How is FIT taking steps to serve commuters? For example, the computer lab is always full, and many of the students occupying the lab live in dorms and have a computer nearby, while commuters have no other options. Is a dedicated commuter computer lab something that could be created?

Labs are open 23 hours a day. There are also open classrooms (with computers) during exam times so there should be computers available for commuter students.  Kelly Brennan, the Vice President for Enrollment Management and Student Success will ask commuter students to report issues to the Dean of Students (e-mail dean_of_students@fitnyc.edu) when there are no computers available to them, particularly those with specialized software so we can look into installing that software on additional computers. She will talk with the Student Association to see the best way to let the commuter students know the process for alerting us when there are no computers available to them.

We are looking at ways to provide additional computers through the master planning process.

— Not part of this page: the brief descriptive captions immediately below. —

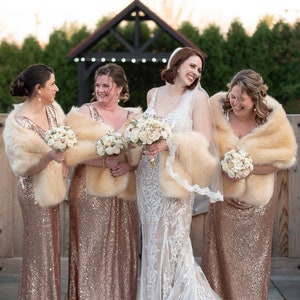 Gold Champagne Faux Fur Bridal Wrap, Wedding Fur Shrug, Bridal Faux Fur Stole Fur Shawl Cape (Lilian Cha03)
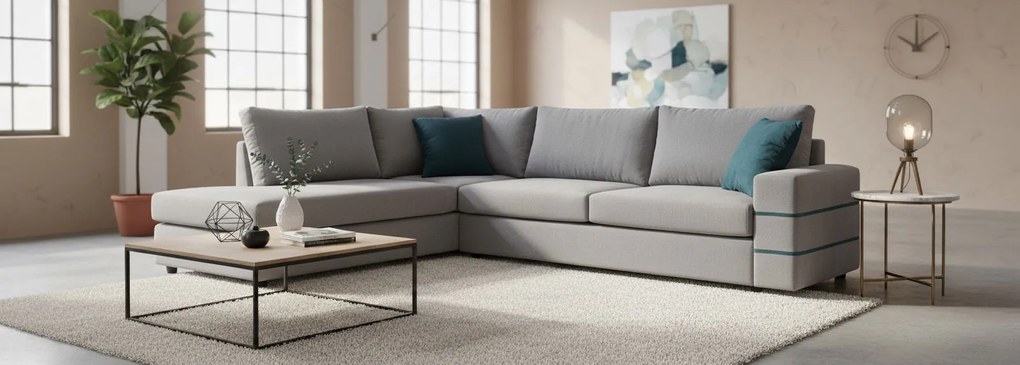 Ъглов диван Holmes-Gray Light-Left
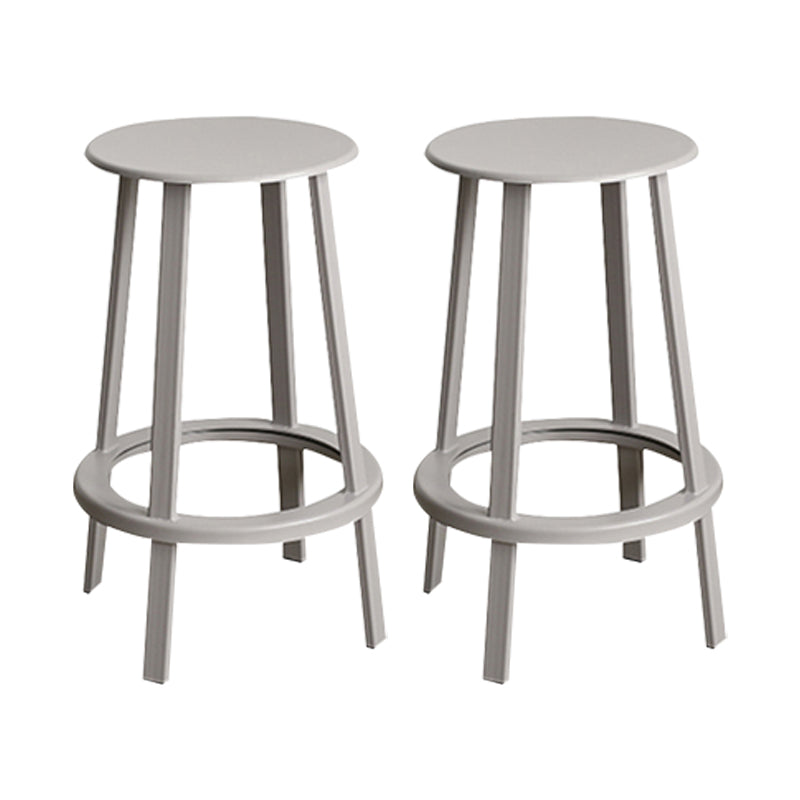 Modern Rotatable Backless Counter Stool Iron Cafe Bar Stool with Pedal Grey 2 Piece Set Counter Stool(26"H) Clearhalo 'Bar Furniture' 'Bar Stools' 'bar_stools' 'furn' 'furn_bar_stools' 'Furniture' 'Kitchen & Dining Furniture' 7347857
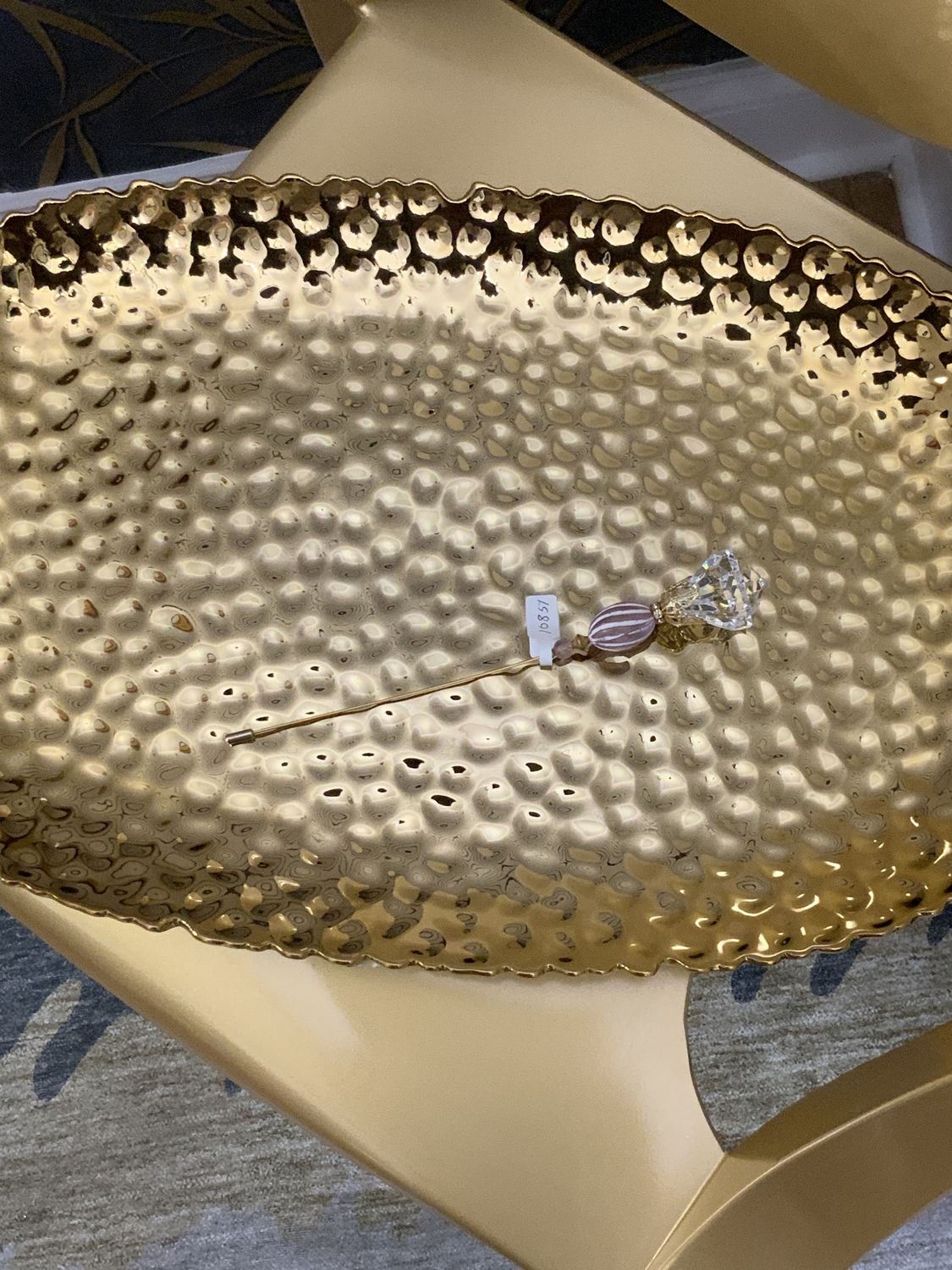 Woman Pink and Dimond Top Crystal Hat Pin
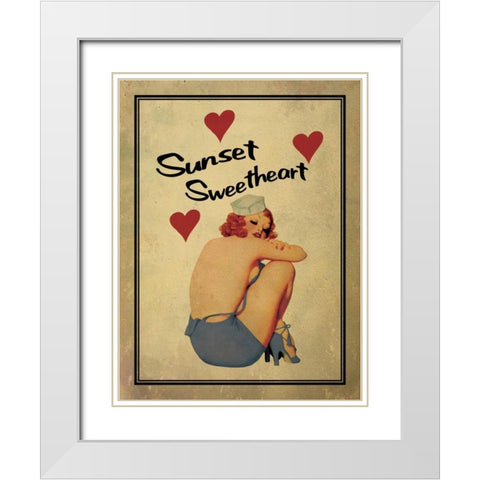 Sunset Sweetheart White Modern Wood Framed Art Print with Double Matting by Giacopelli, Jason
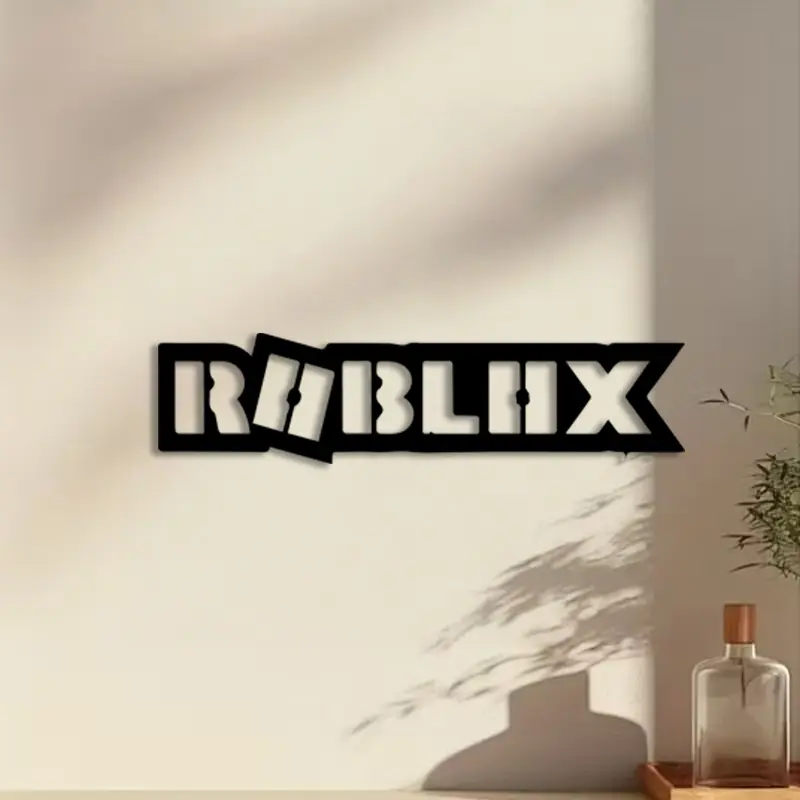 1pc Roblox Metal Wall Art, Roblox Statue Mural, Perfect for Game Room Wall, Birthday Decor, Ideal Gift for Gamers, Matte Black Metal, Cool Wall Art, Home Wall Decor, Art Wall Decoration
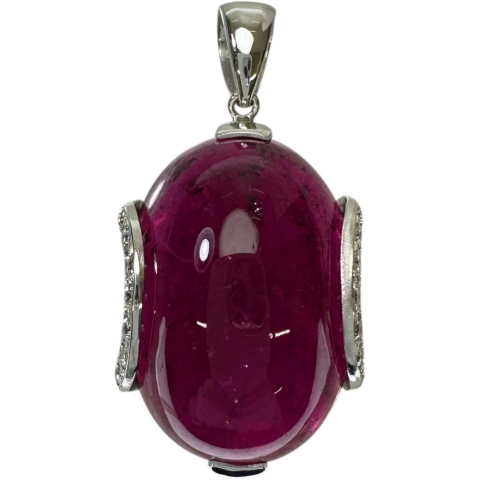 ルベライトトルマリン 26.32ct ダイヤモンド 0.20ct ペンダントトップ K18WGホワイトゴールド 18金 10.0g レディース【中古】【真子質店】【NN】【IMoIMi】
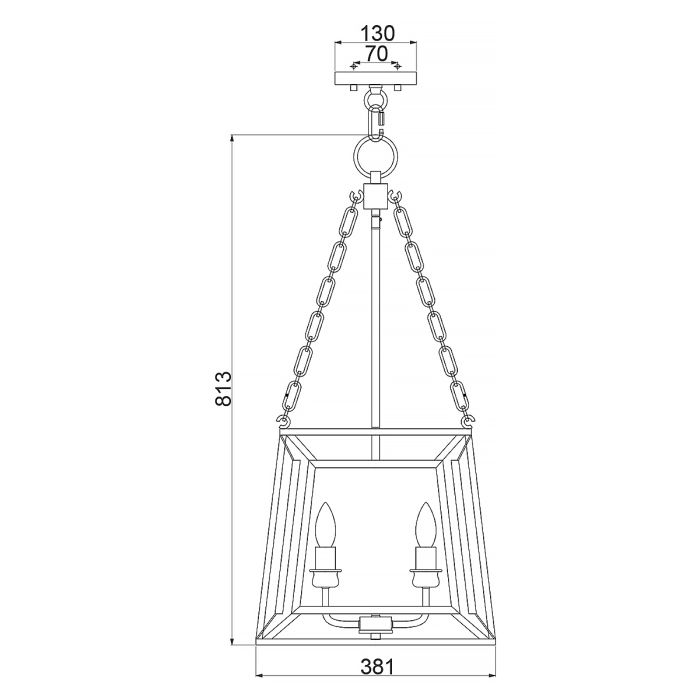 Lakeside 4 Light Tapered Pendant - Vintage Gold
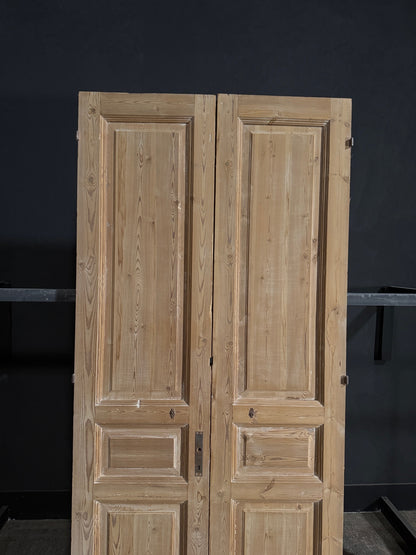 Antique 3 Panel Solid Double Doors - 44x92 - N87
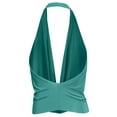 thumbnail image 3 of J. METHOD Women's Sleeveless Halter Neck Lightweight Low Cut Deep V Neck Sexy Draped Backless Top Blouse NEWT07 Jade S, 3 of 6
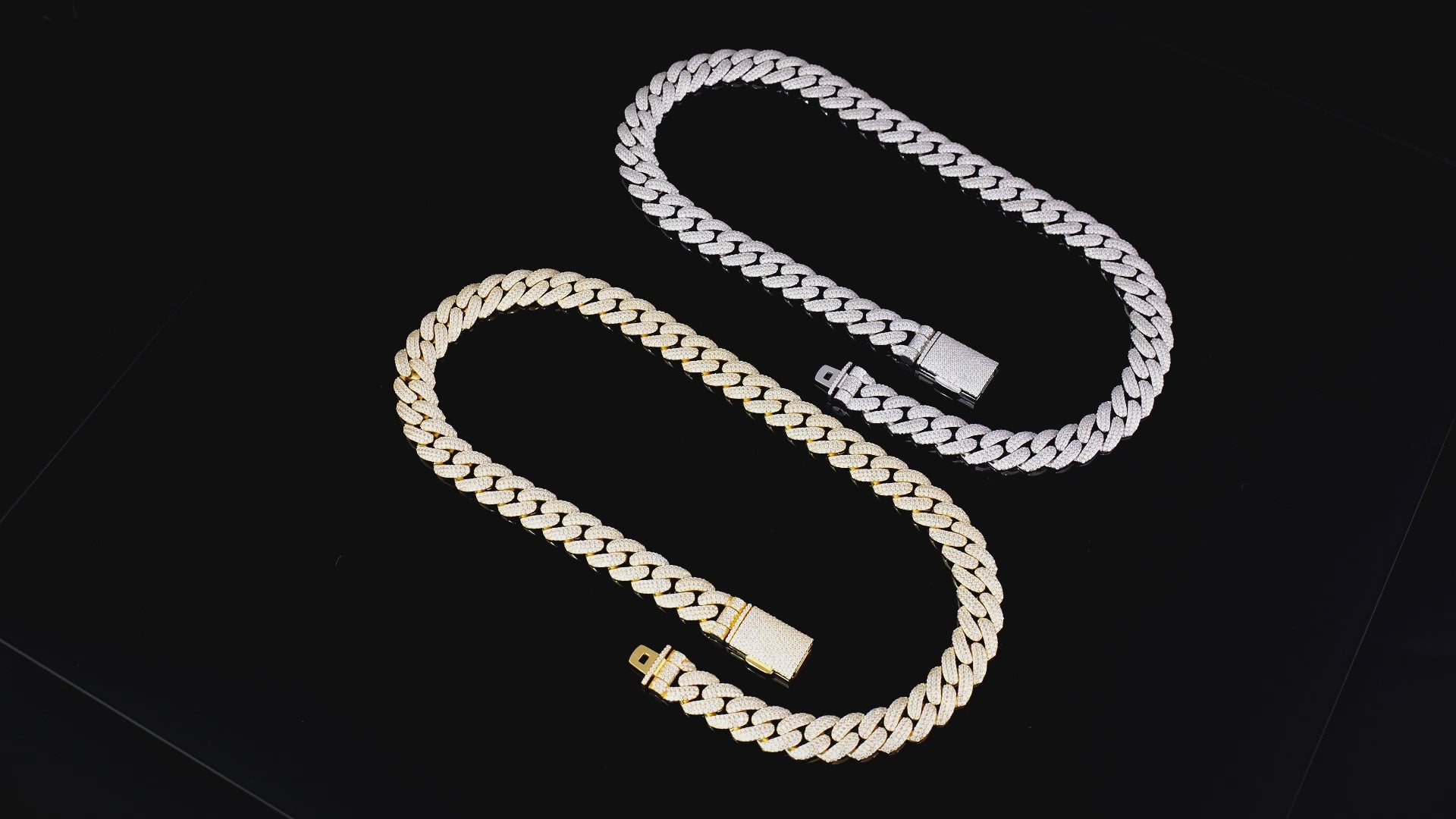 925 Silver moissanite Cuban link 18.0mm 3 row round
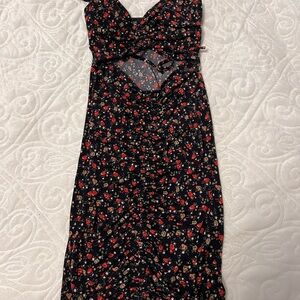 Windsor Black Dress with Red and Cream Floral Pattern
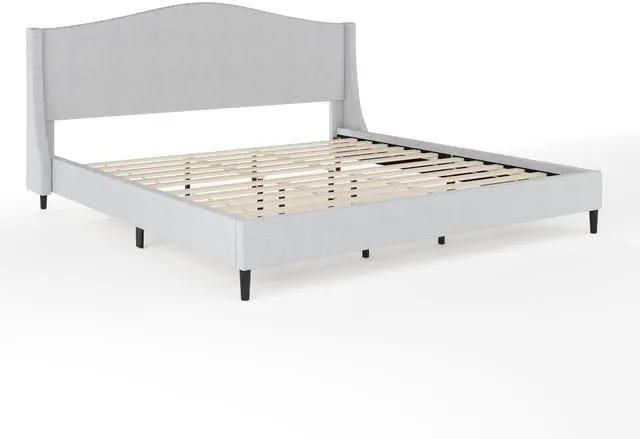 Alt view image 3 of 7 - Martha Stewart Amelia Platform Bed with Curved Headboard and Cushioned Side Rails, Faux Linen Upholstery, Wood Slat Foundation, No Box Spring Needed, King, Gray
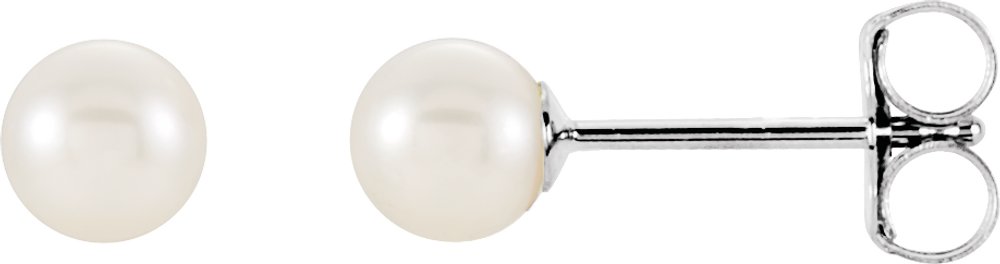 14K White Gold 4 mm Cultured White Akoya Pearl Earrings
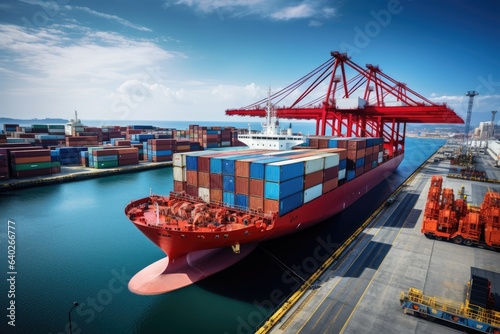 Vibrant and busy cargo port with ships, cranes, and containers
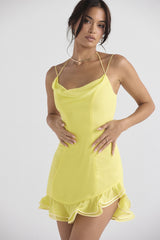 Hahn Spaghetti Strap Striped Cowl Neck Ruffled Bodycon Dress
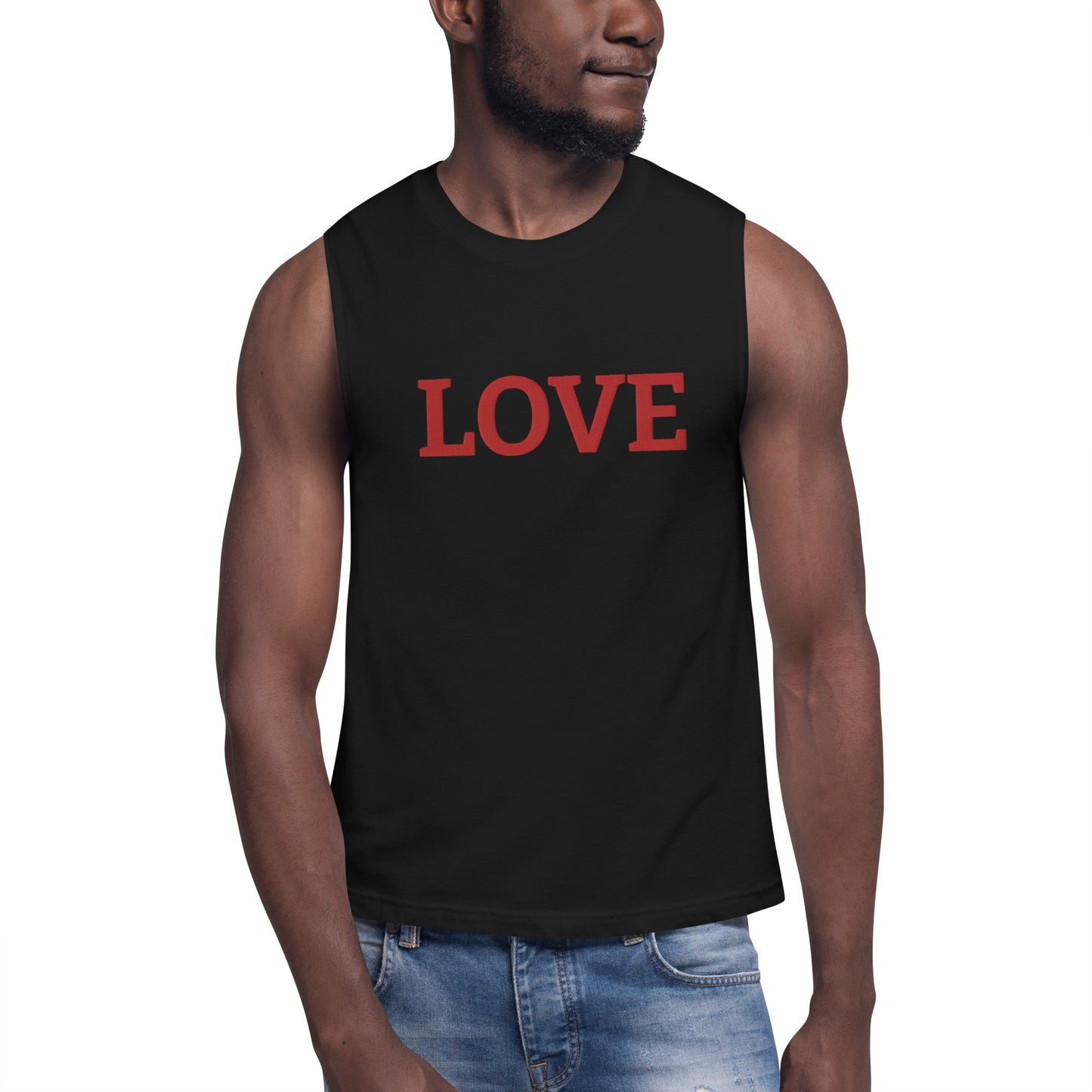 LOVE BY XCLUSIF POETIX Embroidery Muscle Shirt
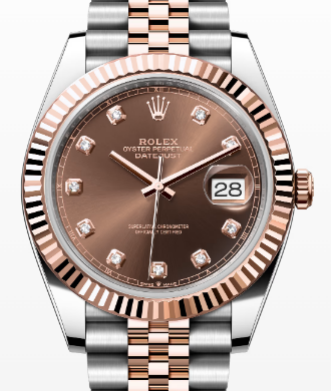 Rolex Datejust 126331 NEW 2021 Box/Paper 18K Rose Chocolate Diamond Dial 41mm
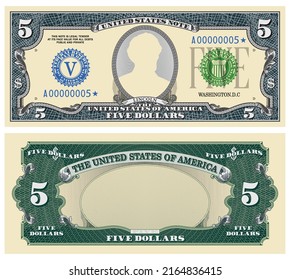 Fictional template obverse and reverse of US paper money. Five dollars banknote. Empty oval and guilloche frames. Lincoln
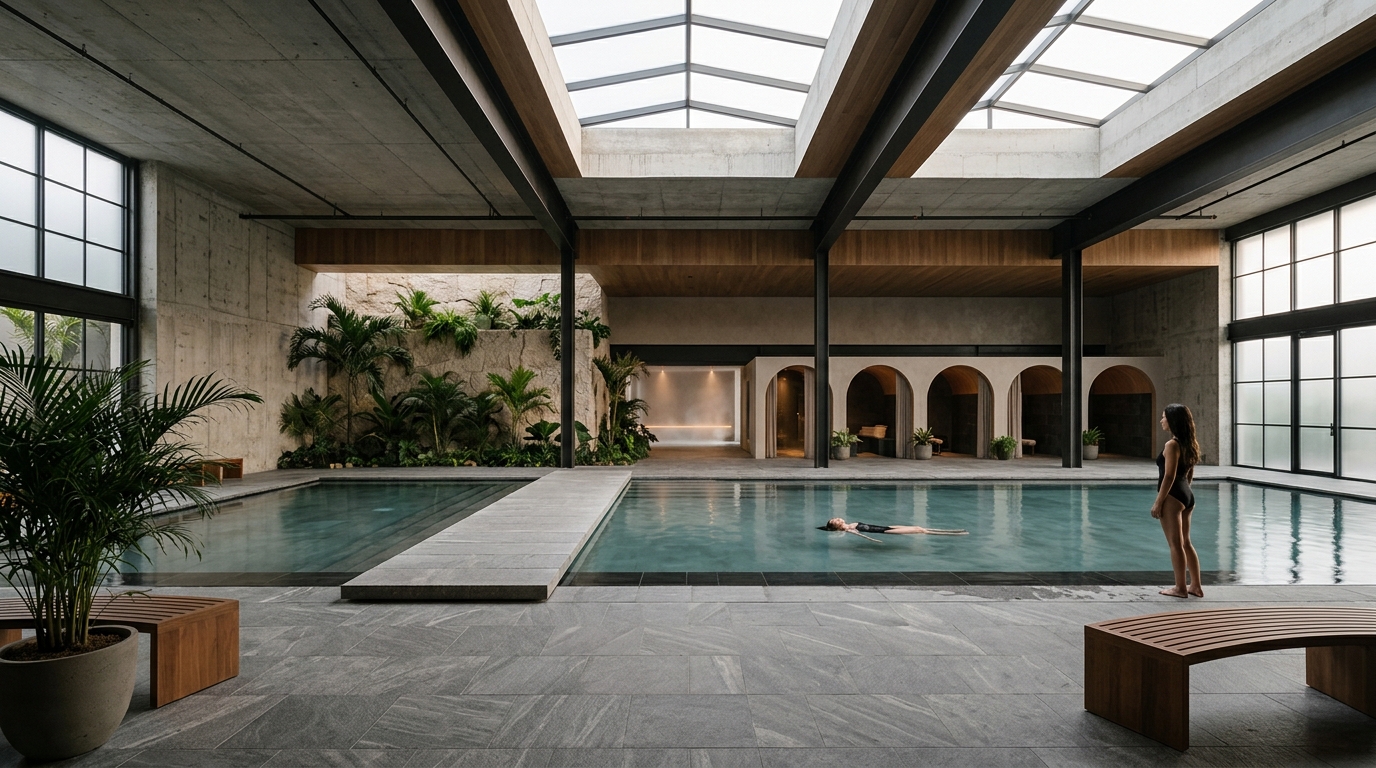 Sensa bathhouse in Wynwood, featuring an indoor storm experience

We are also looking into the feasibility of creating a lounge in the Business and Liberal Arts Center similar to the lounge in Dubinsky. The lounge will include a counter with computers.

FIT students who identify as part of the LGBTQ community have been stating that an LGBTQ Resource Center is a space that FIT could greatly benefit from, and a space that FIT needs now. Given this, and the fact that there have been LGBT hate crimes in the NYC area in recent years, do you feel that a physical space for an LGBTQ Resource Center should be implemented as part of the 1 year plan for point C, goal 3 of the Strategic Plan?

This is being addressed in two ways:  1) The Think Tank that has been established for Goal 3 of the Strategic Plan will be looking into this issue and

2) The College will look into the possibility of providing space for a Center as we develop our Master Plan and assess all of our space needs.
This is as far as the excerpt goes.